• _TASK ITEM_: Find "Aqua Shack At" below and begin at its line; stop after the line with "Seat Leon 1.6 TDI 115CV - Foto 29". Output those lines exactly, without pictures.

*** GIVEN DATA Section Begins ***

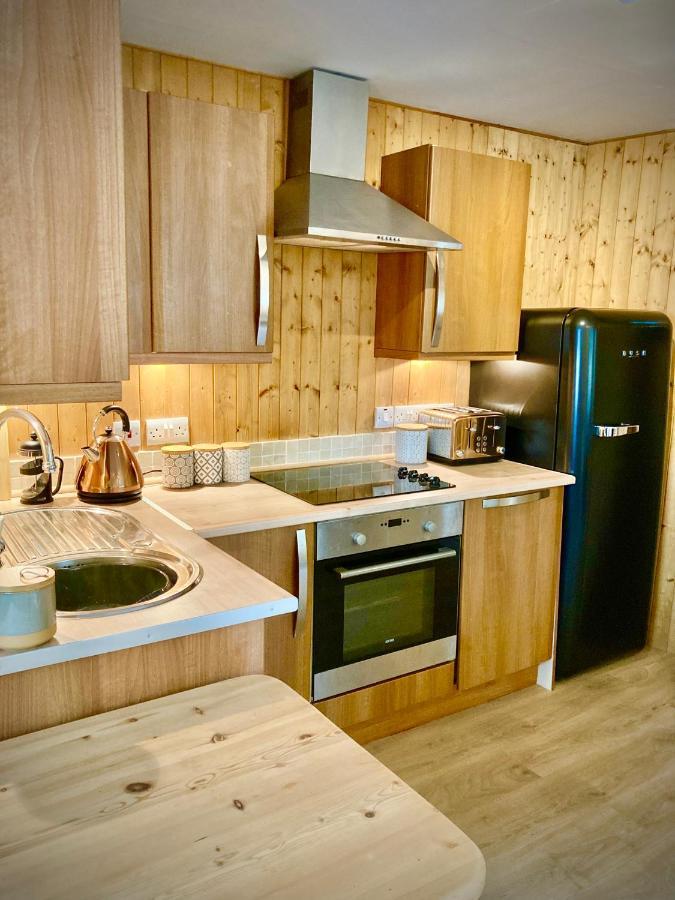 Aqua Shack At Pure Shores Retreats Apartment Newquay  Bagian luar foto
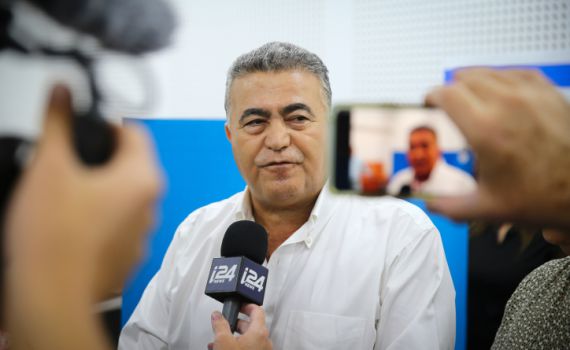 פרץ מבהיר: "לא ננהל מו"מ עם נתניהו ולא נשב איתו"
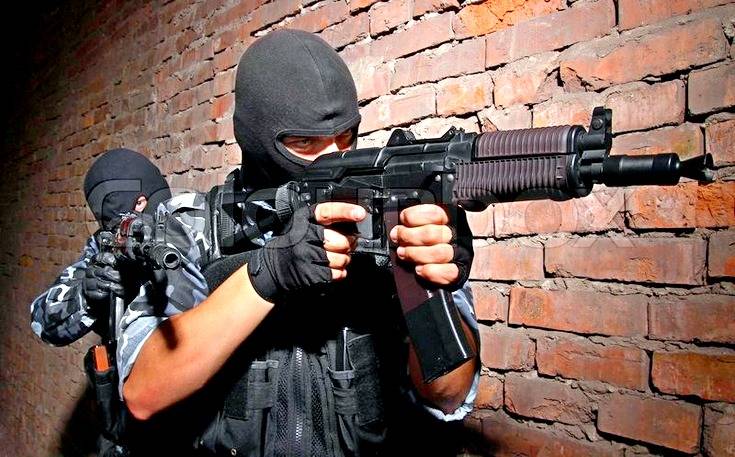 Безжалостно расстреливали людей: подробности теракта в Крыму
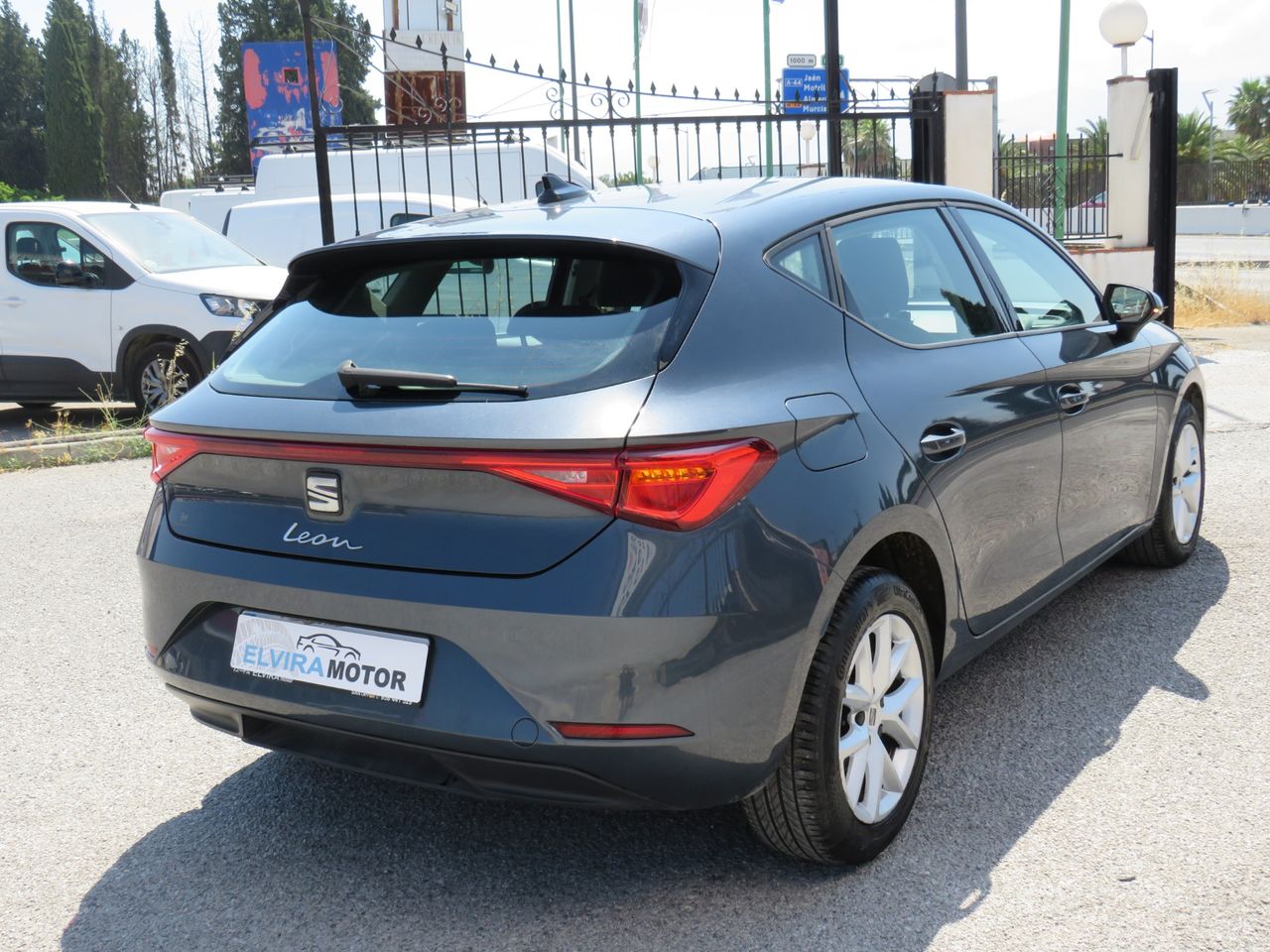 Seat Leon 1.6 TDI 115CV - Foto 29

*** GIVEN DATA Section Ends ***
*** GIVEN DATA Section Begins ***

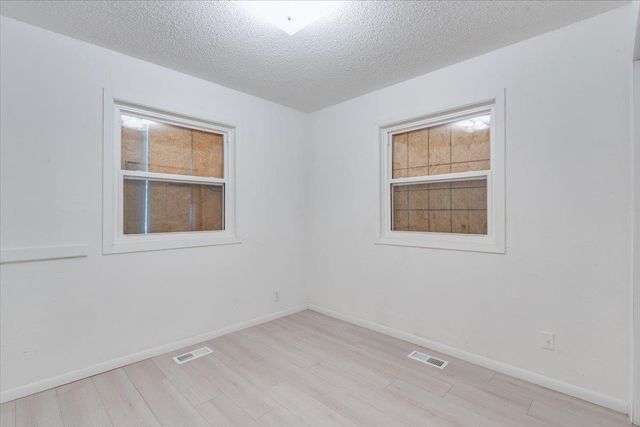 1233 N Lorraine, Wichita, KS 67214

*** GIVEN DATA Section Ends ***

• _RESPONSE BOX_:
 Aqua Shack At Pure Shores Retreats Apartment Newquay  Bagian luar foto
 פרץ מבהיר: "לא ננהל מו"מ עם נתניהו ולא נשב איתו"
 Безжалостно расстреливали людей: подробности теракта в Крыму
 Seat Leon 1.6 TDI 115CV - Foto 29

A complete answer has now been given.